Łączna liczba wyświetleń

poniedziałek, 13 listopada 2017

Pan Żelazek, czyli historia poparzonego pacjenta

Pan Żelazek to piękny stolik kawowy, któremu niestety, ktoś wypalił  dziurę w politurze.  
Od razu mówię, że żaden ze mnie renowator, ale podjęłam się ratowania poparzonego pacjenta.


Pracę zaczęłam od ściągnięcia starej politury. Tym razem użyłam gotowych zmywaczy. Testowałam różne, ale najlepiej sprawdził się 3V3. Do tego małe, sprytne narzędzie zwane cykliną.



Po niej przyszła kolej na szlifowanie.



Ten człowieczek w gumowej masce, to nikt inny jak ja. Już teraz zmądrzałam i zaczęłam dbać o drogi oddechowe. Maska, w którą zaopatrzyłam się całkiem niedawno, sprawdza się rewelacyjnie.  

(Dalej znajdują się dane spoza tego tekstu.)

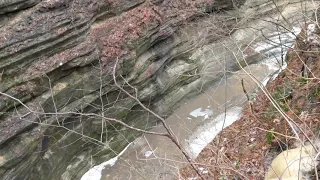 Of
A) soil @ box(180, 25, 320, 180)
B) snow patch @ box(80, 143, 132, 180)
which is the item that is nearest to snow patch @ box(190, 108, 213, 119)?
soil @ box(180, 25, 320, 180)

Co do stołu, to tak jak przypuszczałam, plama została. Przypalono włókna drewna, przez całą grubość forniru.



Następny etap to położenie politury szelakowej. Dużo wiadomości  o samym politurowanie możecie przeczytać tutaj
Ja w skrócie powiem tyle, że trzeba położyć kilkadziesiąt cieniutkich warstw, jednak efekt końcowy jest nieporównywalny do lakieru czy wosku. Politura wydobywa piękno forniru, podkreśla usłojenie drewna i daje niesamowicie gładkie wykończenie z wysokim połyskiem. 

Do jej przygotowania potrzebny jest szelak i rozpuszczalnik do szelaku, czyli alkohol 99% .

 

Dodam jeszcze, że to naprawdę nie jest takie proste, jakby się wydawało. Wszystko wykonuje się ręcznie, za pomocą tamponów nasączonych szelakiem. 



A to już efekt końcowy. 


Właścicielka wiedziała, że stolik będzie miał plamę, a mimo to chciała go odnowić. Bardzo cenię sobie takich ludzi, dla których nie liczą się mankamenty, tylko historia danego mebla. Dziękuję pani Ninie, za takie podejście. 


Plamę po żelazku można traktować jak znamię, które nadaje oryginalności i niepowtarzalności.